■ **EXERCISE INSTRUCTIONS**
Starting with the first line, transcribe the material exactly through to the last.

■ **DATA UNDER STUDY**
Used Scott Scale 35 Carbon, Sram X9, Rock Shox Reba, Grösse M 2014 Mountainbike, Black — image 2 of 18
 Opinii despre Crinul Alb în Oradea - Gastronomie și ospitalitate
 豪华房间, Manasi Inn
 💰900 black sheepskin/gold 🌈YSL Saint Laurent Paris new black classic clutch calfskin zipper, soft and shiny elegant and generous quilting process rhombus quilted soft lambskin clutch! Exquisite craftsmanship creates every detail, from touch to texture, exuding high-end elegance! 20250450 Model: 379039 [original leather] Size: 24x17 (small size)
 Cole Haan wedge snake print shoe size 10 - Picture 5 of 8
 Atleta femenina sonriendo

■ **ANSWER BOX**
Used Scott Scale 35 Carbon, Sram X9, Rock Shox Reba, Grösse M 2014 Mountainbike, Black — image 2 of 18
 Opinii despre Crinul Alb în Oradea - Gastronomie și ospitalitate
 豪华房间, Manasi Inn
 💰900 black sheepskin/gold 🌈YSL Saint Laurent Paris new black classic clutch calfskin zipper, soft and shiny elegant and generous quilting process rhombus quilted soft lambskin clutch! Exquisite craftsmanship creates every detail, from touch to texture, exuding high-end elegance! 20250450 Model: 379039 [original leather] Size: 24x17 (small size)
 Cole Haan wedge snake print shoe size 10 - Picture 5 of 8
 Atleta femenina sonriendo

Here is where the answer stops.